Required action: An exact copy, beginning at the line containing "Photo of aerial" and ending at the final line of the records that follow, is the answer; it has no pictures and no other text.
____ Available data
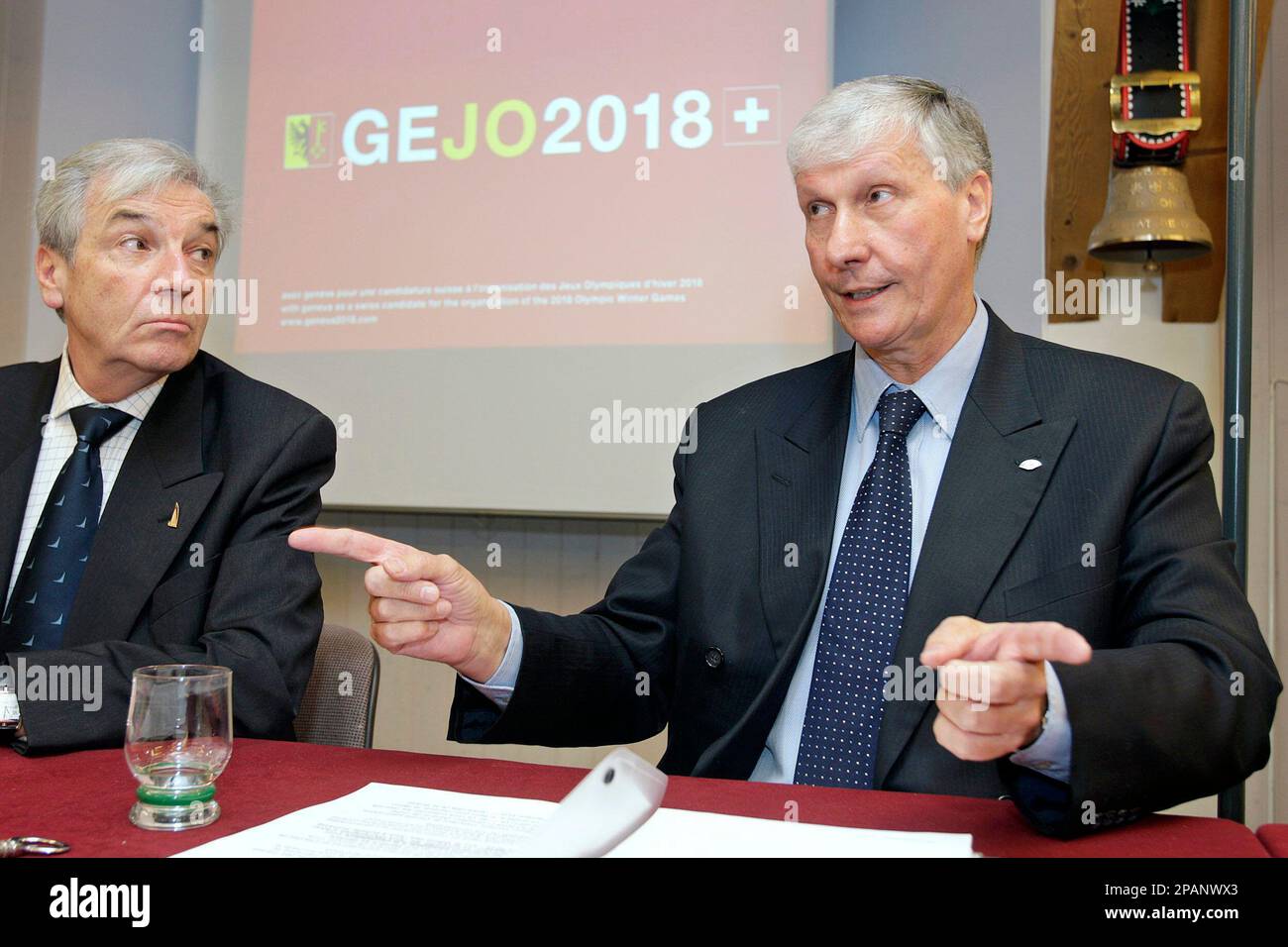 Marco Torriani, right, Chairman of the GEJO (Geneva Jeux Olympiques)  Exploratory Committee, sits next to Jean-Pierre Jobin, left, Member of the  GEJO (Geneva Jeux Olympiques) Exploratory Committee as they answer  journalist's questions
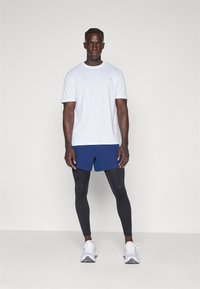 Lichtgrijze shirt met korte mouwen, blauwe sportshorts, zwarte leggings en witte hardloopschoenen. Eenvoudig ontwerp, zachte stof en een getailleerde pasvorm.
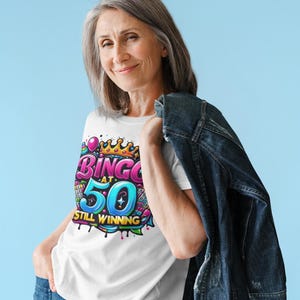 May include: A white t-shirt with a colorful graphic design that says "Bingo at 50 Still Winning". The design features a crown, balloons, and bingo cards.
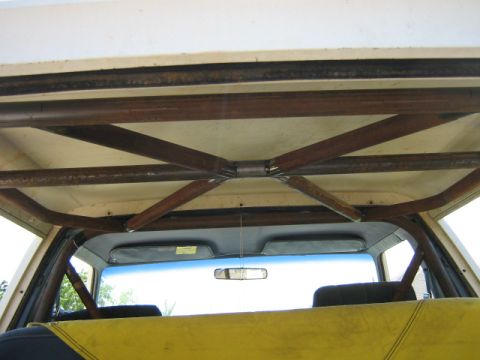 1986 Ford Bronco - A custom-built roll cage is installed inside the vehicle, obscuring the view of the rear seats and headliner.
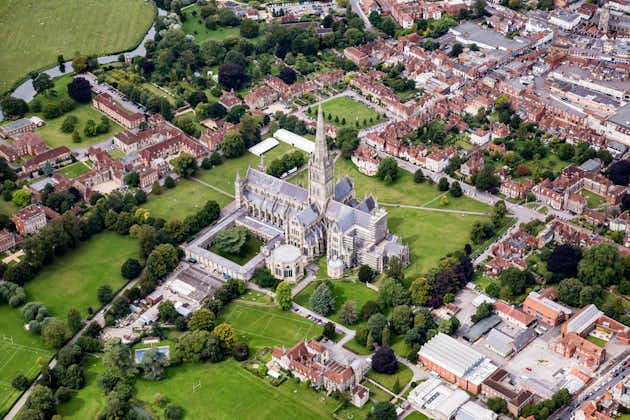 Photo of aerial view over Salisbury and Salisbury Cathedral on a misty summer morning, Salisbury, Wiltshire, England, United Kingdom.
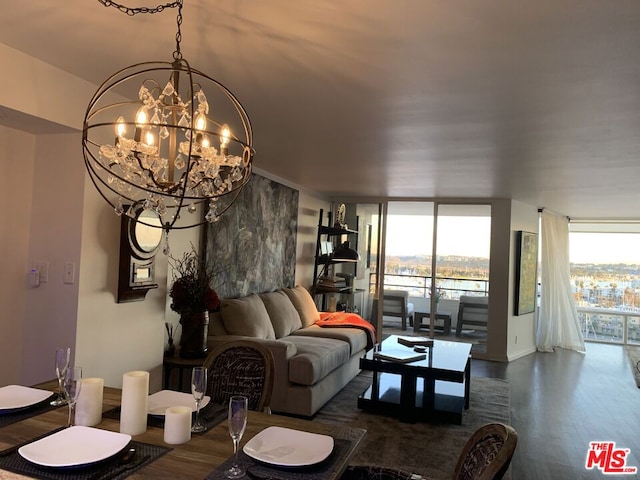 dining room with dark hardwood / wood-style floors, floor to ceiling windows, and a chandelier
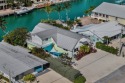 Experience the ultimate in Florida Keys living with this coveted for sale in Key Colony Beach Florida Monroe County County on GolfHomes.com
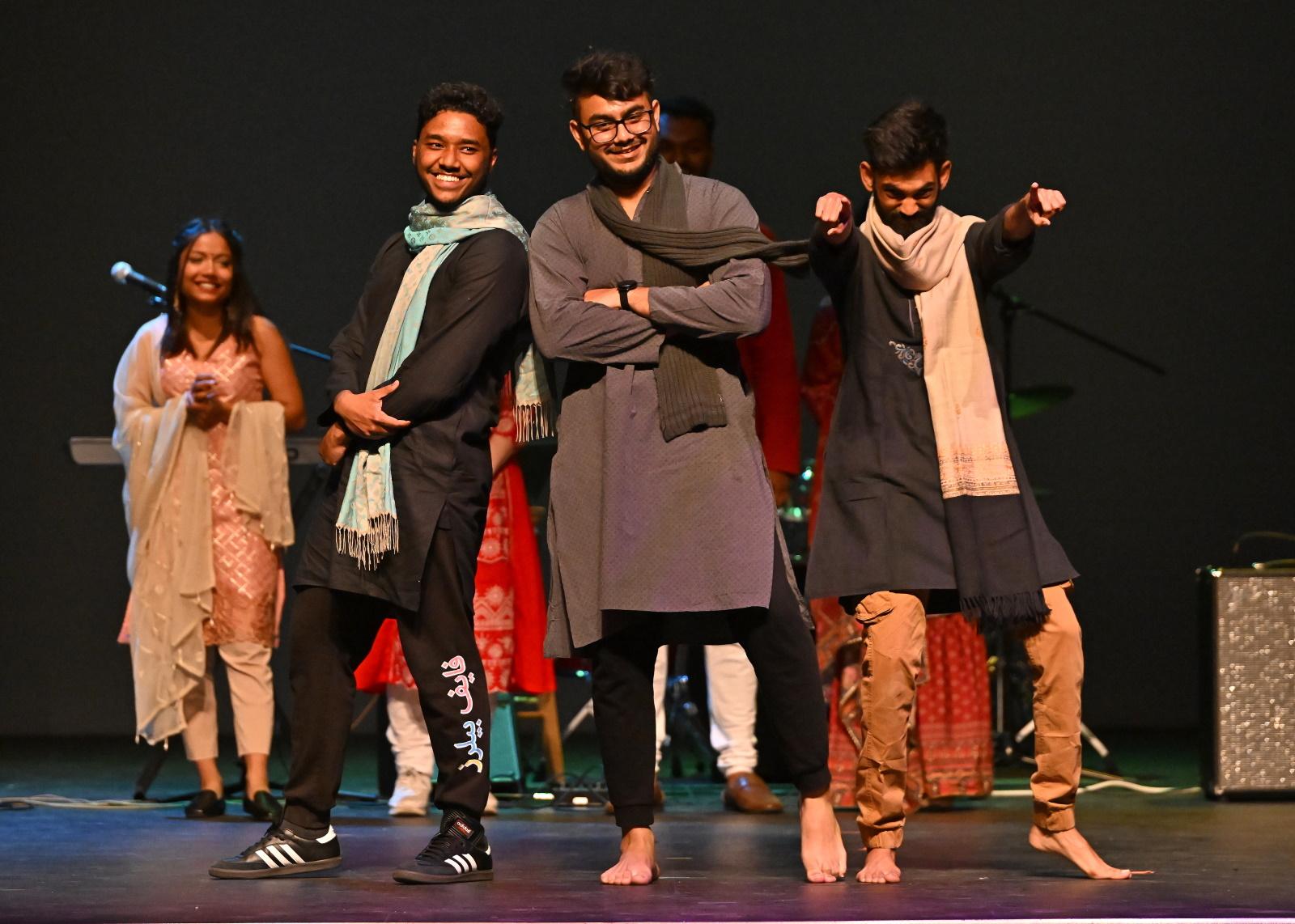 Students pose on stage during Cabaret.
________
Written answer:
 Photo of aerial view over Salisbury and Salisbury Cathedral on a misty summer morning, Salisbury, Wiltshire, England, United Kingdom.
 dining room with dark hardwood / wood-style floors, floor to ceiling windows, and a chandelier
 Experience the ultimate in Florida Keys living with this coveted for sale in Key Colony Beach Florida Monroe County County on GolfHomes.com
 Students pose on stage during Cabaret.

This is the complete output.